Seneca diceva che «non si può dirigere il vento, ma si possono orientare le vele», c’è un modo per affrontare queste dinamiche?
«La soluzione a un sistema così complesso non è certo banale ed immediata, perché vanno messe in campo azioni di mitigazione e adattamento, per esempio, installando barriere più evolute ed efficaci di quelle di Metaponto, su tutta la costa. Barriere che, però, vanno manutenute regolarmente, per garantirsi la loro efficacia. Oggi a Metaponto sono state installate solo nella parte centrale e comunque stanno producendo buoni risultati, nonostante la manutenzione inesistente».
Deve cambiare anche la modalità di utilizzo della costa?

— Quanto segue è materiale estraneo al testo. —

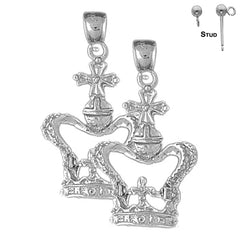 Sterling Silver 36mm Crown With Cross Earrings (White or Yellow Gold Plated)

«Certo, va realizzato un uso diverso della costa, perché con le barriere si tiene a bada il mare, proteggendo anche le aree agricole a rischio inondazione, come le pinete e le aree Sic e Zps in genere. Serve, perciò, una pianificazione integrata che tenga insieme tutto, persino le unità abitative più vicine al mare. I lidi dovranno essere dislocati dietro il parco dunale, la soluzione certamente non è nel ripascimento costiero perché il mare avanza comunque. Con la Regione Basilicata è necessario costruire gruppi di lavoro, che portino a compimento le soluzioni studiate. Al di là della politica che passa, occorre coinvolgere attivamente i territori nella pianificazione, le comunità locali devono dare il loro apporto anche garantendo la continuità in ciò che si fa. La soluzione non deve essere calata dall’alto insomma».